Too many philosophers resemble Graham Greene—or, rather, try to: they strive for a competence that is always at its best—professional, craftsmanlike, even slick. Compared with Greene’s fiction, some of Camus’s seems amateurish: his fiction has flaws and sometimes does not quite achieve what it seems to aim for; it is not slick but approximate greatness.

This point received its classic statement from a somewhat amateurish poet who is in eclipse in our current period of professionalism—in poetry, too: it is the theme of Robert Browning’s long poem, Andrea del Sarto (Called “The Faultless Painter”). A few lines at least may conclude this argument:

Ah, but a man’s reach should exceed his grasp,

Or what’s a Heaven for? all is silver-grey,

Placid and perfect with my art—the worse!

Then, looking at a work by Rafael (a curious choice—Browning’s, not mine):

That arm is wrongly put—and there again—

A fault to pardon in the drawing’s lines,

Its body, so to speak: its soul is right,

He means right—that, a child may understand.

Still, what an arm! and I could alter it….

I hardly dare—yet, only you to see,

Give the chalk here—quick, thus the line should go!

Ay, but the soul! he’s Rafael! rub it out!

16

The intellectual conscience of Socrates was superbly embodied by J. L. Austin, who also had a keen wit and a wonderful sense of humor. G. E. Moore, whose writings are lacking in humor, stood for the same heritage. And honesty that tries to live up to high standards is so rare that such men as these deserve ungrudging admiration. Still, it would be wrong to leave the case for Socrates’ other legacy, best symbolized by his own image of the gadfly, on an unduly defensive note. It would be wrong, as well as deeply un-Socratic, to ask merely that the gadfly, too, ought to be tolerated.
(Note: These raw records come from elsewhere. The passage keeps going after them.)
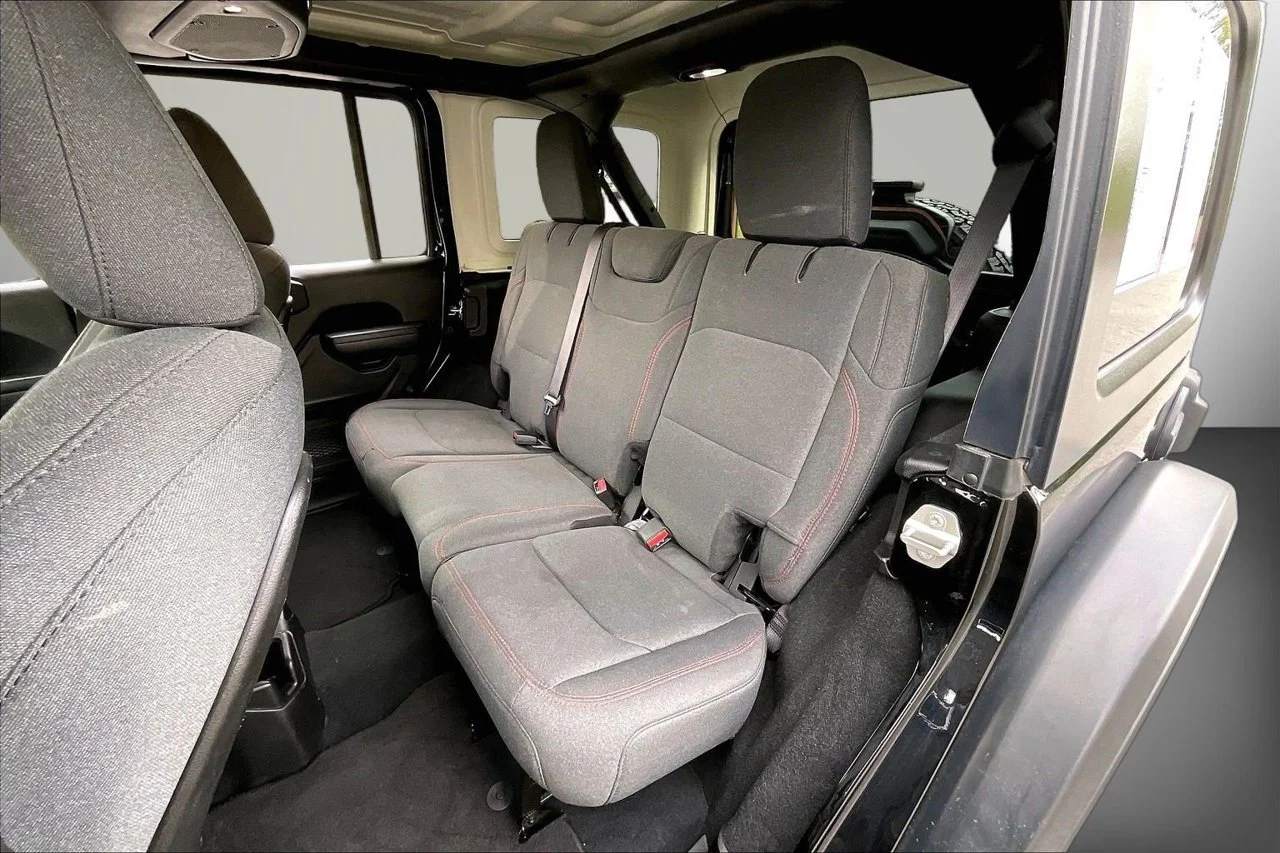 Certified Used 2024 Black Jeep Rubicon image 21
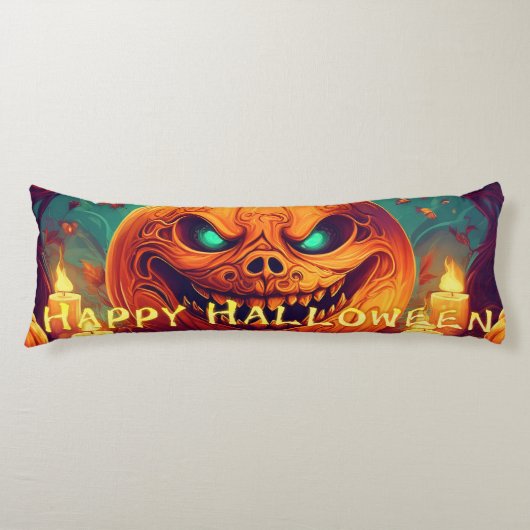Pompoen met eng gezicht tussen kaarsen, Halloween Lichaamskussen (Voorkant)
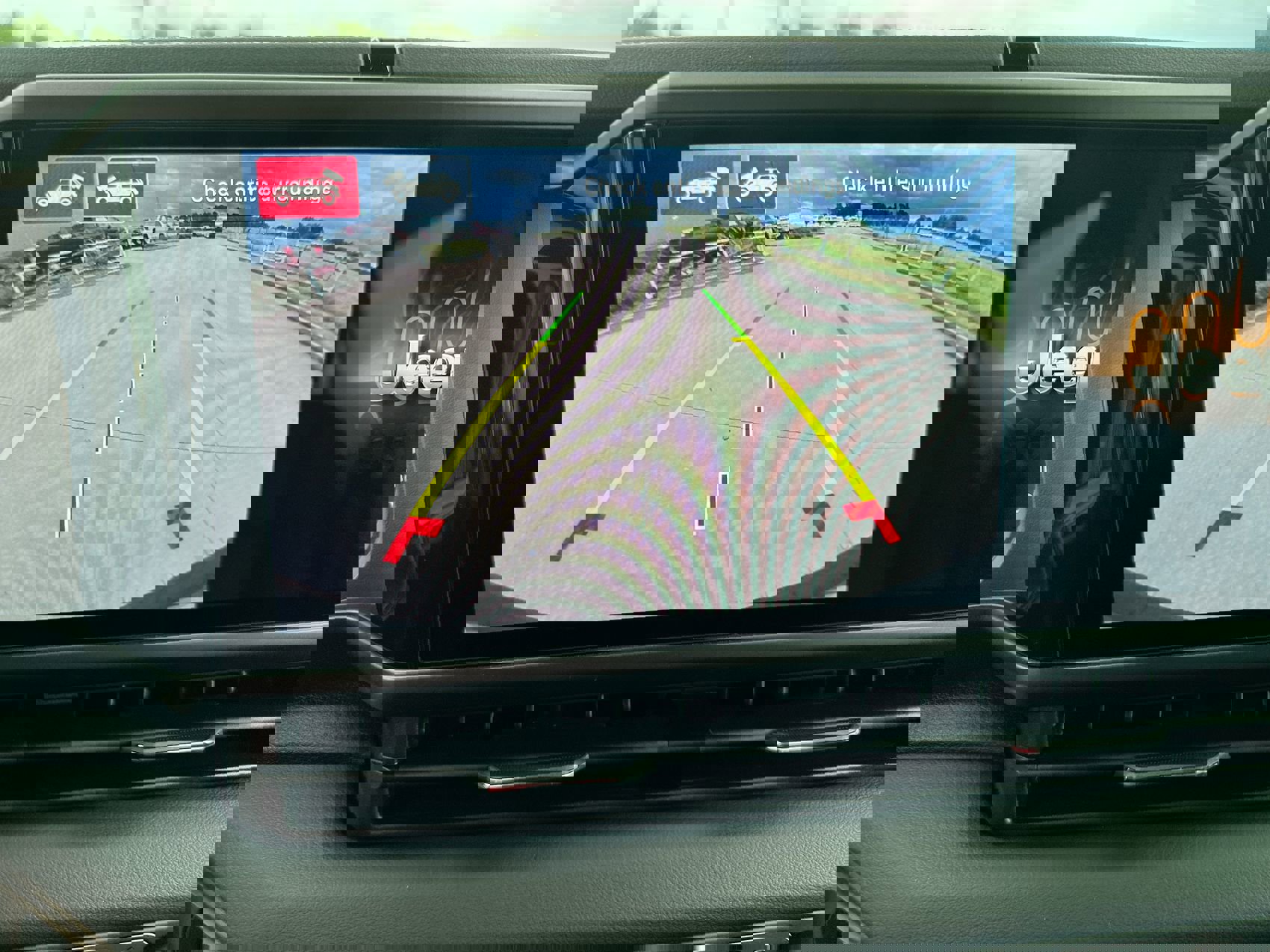 Used 2024 Jeep Wrangler Sahara w/ Technology Group image 17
The anti-academic conception of philosophers as “the bad conscience of their time”—to cite Nietzsche’s phrase once more—was taken up to some extent by Sartre and Camus, though their philosophic works compare unfavorably with the writings of the best British philosophers in intellectual conscientiousness and carefulness, as will be shown later in this book.

In a lecture at the Sorbonne, in 1946, at the first general meeting of UNESCO, Sartre spoke on “The Responsibility of the Writer.” Like most of his non-fiction, the lecture is curiously uneven; and in the next chapter, on “Commitment,” I shall argue that it is a central weakness of existentialism that it does not adequately understand the nature of responsibility.

Sartre’s reach often exceeds his grasp; but his best is magnificent, and the following passage says powerfully what badly needs to be said. (The curious “if” will be discussed later, in Section 92.)

“If a writer has chosen to be silent on one aspect of the world, we have the right to ask him: Why have you spoken of this rather than that? And since you speak in order to make a change, since there is no other way you can speak, why do you want to change this rather than that? Why do you want to alter the way in which postage stamps are made rather than the way in which Jews are treated in an anti-Semitic country? And the other way around. He must therefore always answer the following questions: What do you want to change? Why this rather than that?”